Both loops do the same computation (sum all elements), but the second one is typically 10-100x faster because of how memory access is organized. This difference comes from caching and memory hierarchies.

Memory Hierarchy

Modern computers have multiple levels of memory, each with different sizes and speeds:

                    Tiny (Bytes)     Very Fast (1-2 ns)    CPU Registers
                         ↓
                  Small (KBs)        Fast (3-5 ns)        L1 Cache
                         ↓
                 Medium (100s KB)    Medium (12-20 ns)    L2 Cache
                         ↓
              Large (MBs)           Slower (40-75 ns)     L3 Cache (Shared)
                         ↓
        Very Large (100s of GB)   Slow (100-300 ns)      Main Memory (RAM)
                         ↓
        Enormous (TBs)            Very Slow (ms)         Storage (Disk/SSD)

On CPUs, caching happens automatically.

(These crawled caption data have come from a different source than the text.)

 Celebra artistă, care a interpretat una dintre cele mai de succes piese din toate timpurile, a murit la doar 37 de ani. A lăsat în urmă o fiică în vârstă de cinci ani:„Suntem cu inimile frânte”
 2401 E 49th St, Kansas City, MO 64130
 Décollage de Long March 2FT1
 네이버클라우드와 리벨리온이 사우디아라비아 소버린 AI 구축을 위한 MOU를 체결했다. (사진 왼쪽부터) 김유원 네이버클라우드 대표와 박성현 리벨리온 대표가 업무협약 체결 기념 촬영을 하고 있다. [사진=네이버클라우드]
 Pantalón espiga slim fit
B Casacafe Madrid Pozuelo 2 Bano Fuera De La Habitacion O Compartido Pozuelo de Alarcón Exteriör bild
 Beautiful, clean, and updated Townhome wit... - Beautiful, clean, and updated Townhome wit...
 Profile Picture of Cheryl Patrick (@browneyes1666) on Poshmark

The hardware detects memory access patterns and keeps frequently accessed data in fast caches. But this automatic caching is limited—if you access data in a random pattern, the caches can’t help.

CPU Cache: Understanding Cache Lines

CPUs fetch memory in small chunks called cache lines (typically 64 bytes). When you access a single byte, the CPU fetches the entire cache line into the cache.

Here’s what happens:

Memory Layout:  [data[0]][data[1]][data[2]][data[3]]...[data[15]]...
                 ↑────────────── One cache line (64 bytes) ───────────↑

If you access data[0], you automatically get data[0] through data[15] (for 4-byte integers) in the cache.

Sequential Access (Cache-Friendly)

for (int i = 0; i < N; i++) {
  sum += data[i];
}

What happens: 1. Access data[0] → Load entire cache line into cache 2. Access data[1] through data[15] → Already in cache! Super fast (cache hit) 3. Access data[16] → Load new cache line 4. Continue…

Result: Cache hit rate is ~95%. Most accesses are fast because neighbors are already loaded.

Random Access (Cache-Unfriendly)

for (int i = 0; i < 1000000; i++) {
  int idx = random_index();
  sum += data[idx];
}

What happens: 1. Access random location → Load cache line 2. Access another random location → Usually NOT in cache, load new cache line 3. Repeat…

Result: Cache miss rate is ~95%. Almost every access requires loading from main memory (slow!).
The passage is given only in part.